Throughout most of college, I kept up the same journaling each night. I guess you could even call it a prayer journal. Sometime though, around junior year, I stopped. I let what I believe to be Satan’s biggest lie and most powerful trick creep into my mind. I got busy. I had classes, clinical teaching hours, the cheerleading team, workouts, and my nannying job to balance. I told myself, “A little prayer at night is sufficient. God still hears my thoughts even when I don’t write them down.” True. He hears every thought that goes through our minds, but He wasn’t getting my “still” anymore. I believed the lie that I didn’t need to take that time to be still with my God and my thoughts.
I wasn’t sinning by being busy, but I was allowing Satan to feed me a lie. It DID matter to God that I wasn’t taking that special time for Him. It WAS important to Him. It HONORED God that I wanted to spend those special moments of peace and stillness with Him. I wasn't still anymore, and I definitely wasn’t listening for His voice like I once did. I was simply too busy. Business creeps up slowly and takes over silently. The only way to overcome it is to consciously be aware and actively make time for your still moments.

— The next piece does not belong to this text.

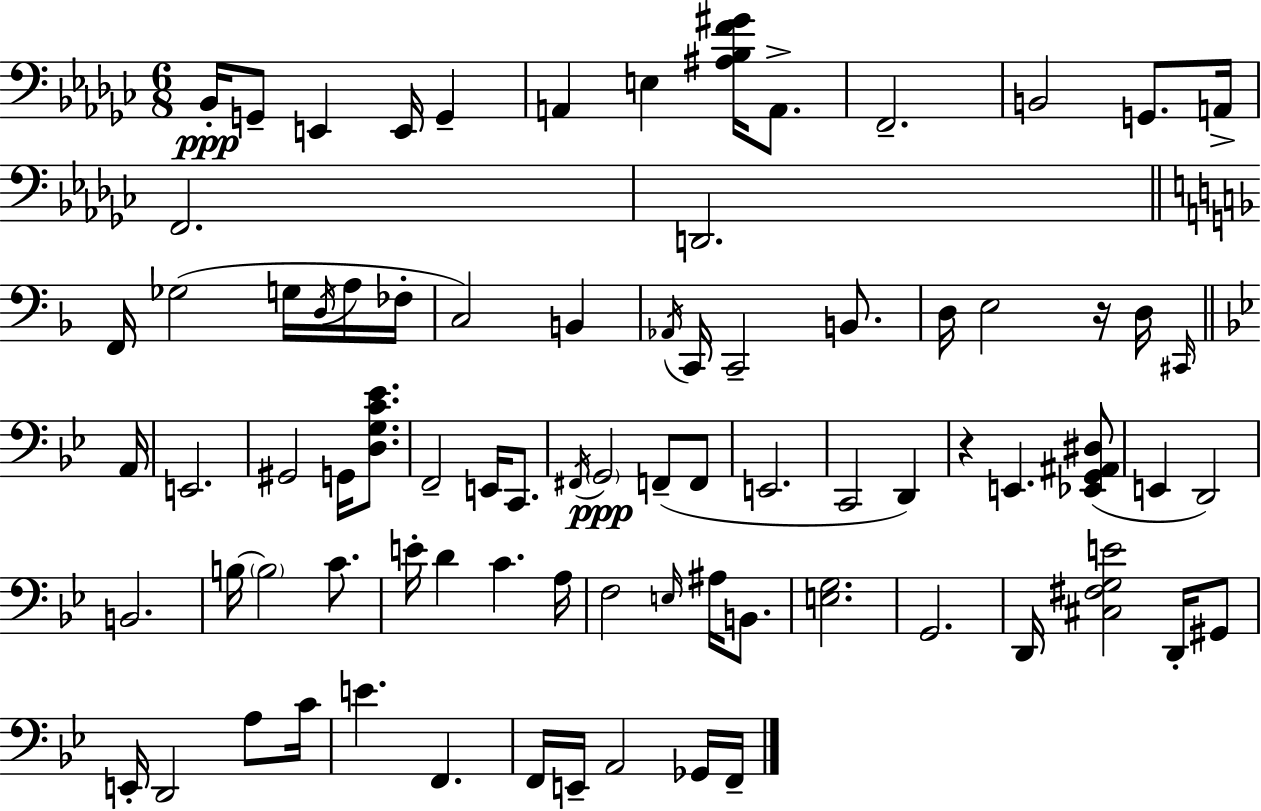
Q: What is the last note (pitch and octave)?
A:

Writing might not be your thing. Your moment of still might be mowing a field and chatting with God while you're up on that tractor. Maybe you listen to God while you're doing your yoga every morning. Perhaps your still is sitting in peace listening to instrumental music. Whatever your moment of “still” is, don’t loose it. Don’t allow Satan’s trick of business to take over that special and valuable time with God. He values that time, and He values you. Consciously and diligently make Him a priority. We all know He deserves it.